On Tue, 24 Jun 2014 20:43:41 +0200, francis <franci...@email.de> wrote:
> On 06/24/2014 03:50 AM, Ezio Melotti wrote:
> >>From the first graph you can see that out of the 4500+ open issues,
> > about 2000 have a patch.
> One would like to start with the ones that are bugs ;-) and see some
> status line trying to drop to 0 (is that possible :-) ?)
> 
> > We need more reviewers and committers :)
> more patch writers: yes,
> more patch reviewers: yes,

Anyone can review patches, in case that isn't clear.
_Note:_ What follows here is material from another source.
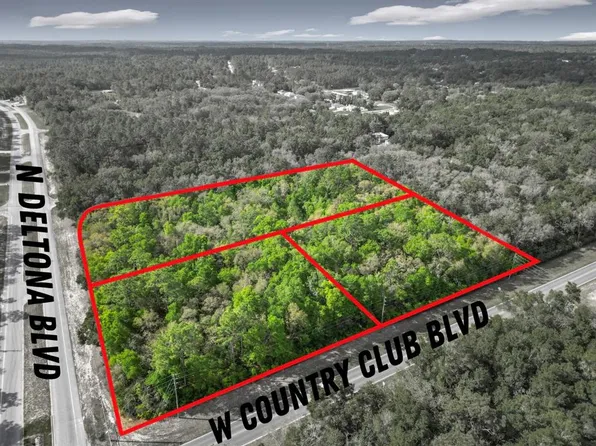 8808 N Deltona Blvd Lot 3-4-5, Dunnellon, FL 34434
> more committers: ?? automate!! :-)

That's a goal of the python-workflow interest group.  Unfortunately
between billable work and GSOC mentoring I haven't had time to do much
there lately.  Our first goal is to make the review step easier to manage
(know which patches really need review, be able to list patches where
community review is thought to be complete) by improving the tracker,
then we'll look at creating the patch gating system Nick has talked
about previously.  Still needs a committer to approve the patch, but it
should increase the throughput considerably.

In the meantime, something that would help would be if people would do
reviews and say on the issue "I think this is commit ready" and have
the issue moved to 'commit review' stage.  Do that a few times where
people who are already triagers/committers agree with you, and you'll
get triage privileges on the tracker.